La rareté des vivres se faisait effectivement sentir cruellement à ce pauvre peuple, ainsi que me le prouvait une circonstance que je vais rapporter. Tous les soirs, depuis mon arrivée, je voyais cinq à six femmes venir à la maison du mansa et recevoir chacune une certaine quantité de grain. Sachant combien cet article était précieux dans les conjonctures, je demandai au mansa s’il nourrissait ces femmes par pure bonté ou s’il espérait qu’elles le rembourseraient lorsque la moisson serait faite.
« Voyez cet enfant, me dit-il, en me montrant un beau petit garçon d’environ cinq ans. Sa mère me l’a vendu à la charge de la nourrir pendant quarante jours, elle et le reste de sa famille. J’en ai acheté un autre de la même manière. »

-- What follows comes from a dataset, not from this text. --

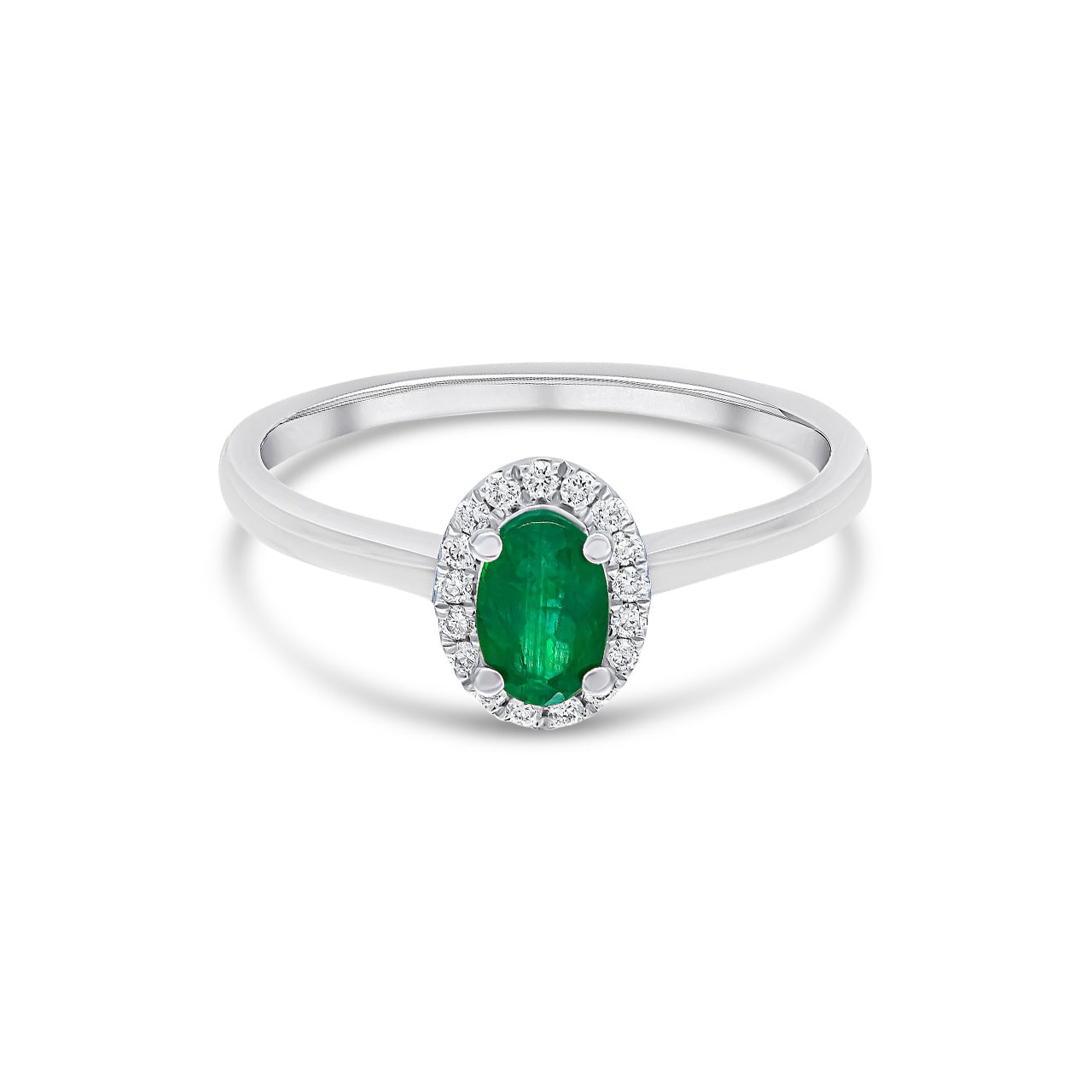 18ct White Gold Oval Natural Emerald and Round Diamond Cluster Ring — 6x4mm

« Bon Dieu ! m’écriai-je, combien ne doit pas souffrir une mère, avant de se décider à vendre son fils ! »
Je ne pouvais éloigner de ma pensée cette triste anecdote ; et le soir, lorsque les femmes revinrent pour chercher leur pitance accoutumée, je priai l’enfant de me montrer sa mère ; ce qu’il fit. Elle était fort maigre, mais rien dans ses traits n’annonçait la barbarie ou l’insensibilité. Lorsqu’elle eut reçu son blé, elle vint parler à son fils avec autant de gaieté que s’il eût encore été chez elle.